I just need some confirmation that I understand the doc correctly.

For FP32/FP16/INT8 deployment, I have 2 options: using .etlt or .engine file. .engine is hardware specific so it need to be generated on the deployment hardware (i.e., a Jetson), this .engine can either be generated using tlt-converter (for Jetson) or Deepstream will generate a .engine file on the fly using the provided .etlt file. My question is: is there any difference in the model’s performance (speed & accuracy( between using tlt-converter vs. letting Deepstream generate a .engine file on the fly?
For INT8 deployment, regarding the calibration cache file. What is its purpose? What is the general advice on creating this file (e.g., the number of images to use, using train or val set or both)?
I’m aware that the number of images to be used for calibration need the be at least batch_size * batches, what happens if the number of images exceed that value? How should I set batch_size and batches to get optimal performance from the model?
Regarding max_batch_size when create the .engine file using tlt-converter, in any Deepstream model config file, there is a batch-size (=number of source elements in the pipeline) parameter, what is the relationship between these two parameters? My understanding is batch-size <= max_batch_size, is that correct?
When using tlt-converter, the input_dimensions need to match the inferred input_dimensions used during tlt-export. When deploy with Deepstream, in the model config file, there is a parameter called uff-input-dims, this value need to match the input_dimensions, is that correct?

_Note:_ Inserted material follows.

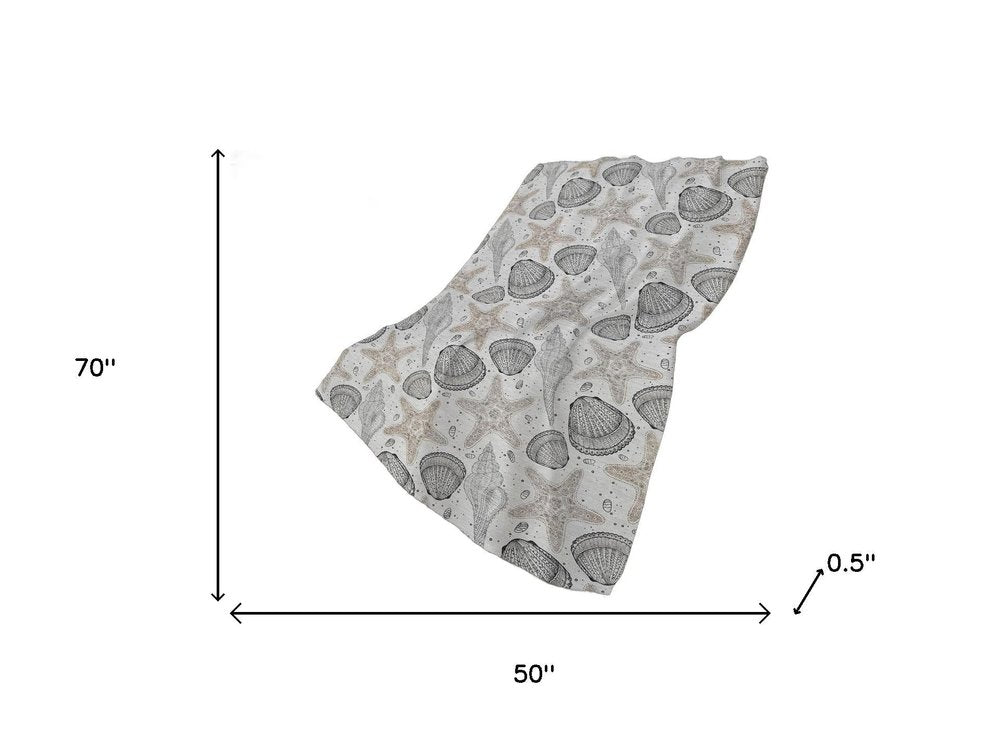 50" X 70" Gray Beige And Ivory Animal Print Polyester Woven Plush Throw Blanket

Morganh · October 6, 2020, 2:42am

It should be the same.
In order to use int8 mode, we must calibrate the model to run 8-bit inferences.So, need to generate int8 calibration table. Ideally, it is best to use atleast 10-20% of the training data to calibrate the model. The more data provided during calibration, the closer int8 inferences are to fp32 inferences.
In tlt-export command, there are two related options, "–batch_size " and “–batches”. The number of images = batch_size * batches. If it is larger than images quantitiy in “cal_image_dir”, it will prompt error.
It is not related.
For uff-input-dims=<c;h;w;0> Where c = number of channels, h = height of the model input, w = width of model input, 0: implies CHW format

hyperlight · October 6, 2020, 3:44pm

Hi @Morganh, thank you for the quick reply, just a follow-up:

Does that mean I will get the best INT8 performance (better speed with comparable accuracy) if I use all available images in both train and val? For the recommended amount (10-20%), how should I pick them?

Morganh · October 6, 2020, 3:47pm

If pick all images, the closer accuracy are to fp32.